• Your assignment: Your job with the data below is to output exactly the lines from the one holding "Women's Majestic Minnesota" down to the one holding "武康路复兴西路 to 上海中医药大学 map", both included, and no others.

• Data:
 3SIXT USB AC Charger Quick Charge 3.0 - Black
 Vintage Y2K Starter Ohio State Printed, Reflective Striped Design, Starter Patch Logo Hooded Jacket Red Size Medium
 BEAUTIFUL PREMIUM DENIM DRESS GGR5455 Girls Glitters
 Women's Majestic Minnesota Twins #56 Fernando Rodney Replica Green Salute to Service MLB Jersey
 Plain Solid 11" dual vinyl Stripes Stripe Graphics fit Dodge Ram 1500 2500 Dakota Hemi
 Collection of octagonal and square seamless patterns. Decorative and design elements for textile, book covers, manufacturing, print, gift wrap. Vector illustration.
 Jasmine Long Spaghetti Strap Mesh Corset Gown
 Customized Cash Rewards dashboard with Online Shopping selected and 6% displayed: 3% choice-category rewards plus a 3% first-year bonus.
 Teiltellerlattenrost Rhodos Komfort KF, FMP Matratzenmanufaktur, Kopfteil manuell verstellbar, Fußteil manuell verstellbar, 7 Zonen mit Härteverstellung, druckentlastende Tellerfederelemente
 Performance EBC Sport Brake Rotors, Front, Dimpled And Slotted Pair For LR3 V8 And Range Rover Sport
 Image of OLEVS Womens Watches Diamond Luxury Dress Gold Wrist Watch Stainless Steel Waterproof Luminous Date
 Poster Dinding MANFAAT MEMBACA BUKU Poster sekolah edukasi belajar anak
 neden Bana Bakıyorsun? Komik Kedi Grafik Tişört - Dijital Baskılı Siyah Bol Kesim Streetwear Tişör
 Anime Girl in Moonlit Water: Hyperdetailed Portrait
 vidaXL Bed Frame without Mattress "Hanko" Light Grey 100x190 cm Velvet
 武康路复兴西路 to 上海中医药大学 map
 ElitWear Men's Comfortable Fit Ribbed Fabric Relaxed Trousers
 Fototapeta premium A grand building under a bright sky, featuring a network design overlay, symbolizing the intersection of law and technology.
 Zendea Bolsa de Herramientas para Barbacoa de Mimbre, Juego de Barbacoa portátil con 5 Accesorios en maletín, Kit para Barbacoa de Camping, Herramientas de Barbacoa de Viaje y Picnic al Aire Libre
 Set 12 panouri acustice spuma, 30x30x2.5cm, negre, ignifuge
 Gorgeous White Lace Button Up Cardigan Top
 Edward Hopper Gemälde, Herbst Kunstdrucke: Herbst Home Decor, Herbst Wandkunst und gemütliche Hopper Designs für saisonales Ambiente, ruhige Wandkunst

• Task response:
 Women's Majestic Minnesota Twins #56 Fernando Rodney Replica Green Salute to Service MLB Jersey
 Plain Solid 11" dual vinyl Stripes Stripe Graphics fit Dodge Ram 1500 2500 Dakota Hemi
 Collection of octagonal and square seamless patterns. Decorative and design elements for textile, book covers, manufacturing, print, gift wrap. Vector illustration.
 Jasmine Long Spaghetti Strap Mesh Corset Gown
 Customized Cash Rewards dashboard with Online Shopping selected and 6% displayed: 3% choice-category rewards plus a 3% first-year bonus.
 Teiltellerlattenrost Rhodos Komfort KF, FMP Matratzenmanufaktur, Kopfteil manuell verstellbar, Fußteil manuell verstellbar, 7 Zonen mit Härteverstellung, druckentlastende Tellerfederelemente
 Performance EBC Sport Brake Rotors, Front, Dimpled And Slotted Pair For LR3 V8 And Range Rover Sport
 Image of OLEVS Womens Watches Diamond Luxury Dress Gold Wrist Watch Stainless Steel Waterproof Luminous Date
 Poster Dinding MANFAAT MEMBACA BUKU Poster sekolah edukasi belajar anak
 neden Bana Bakıyorsun? Komik Kedi Grafik Tişört - Dijital Baskılı Siyah Bol Kesim Streetwear Tişör
 Anime Girl in Moonlit Water: Hyperdetailed Portrait
 vidaXL Bed Frame without Mattress "Hanko" Light Grey 100x190 cm Velvet
 武康路复兴西路 to 上海中医药大学 map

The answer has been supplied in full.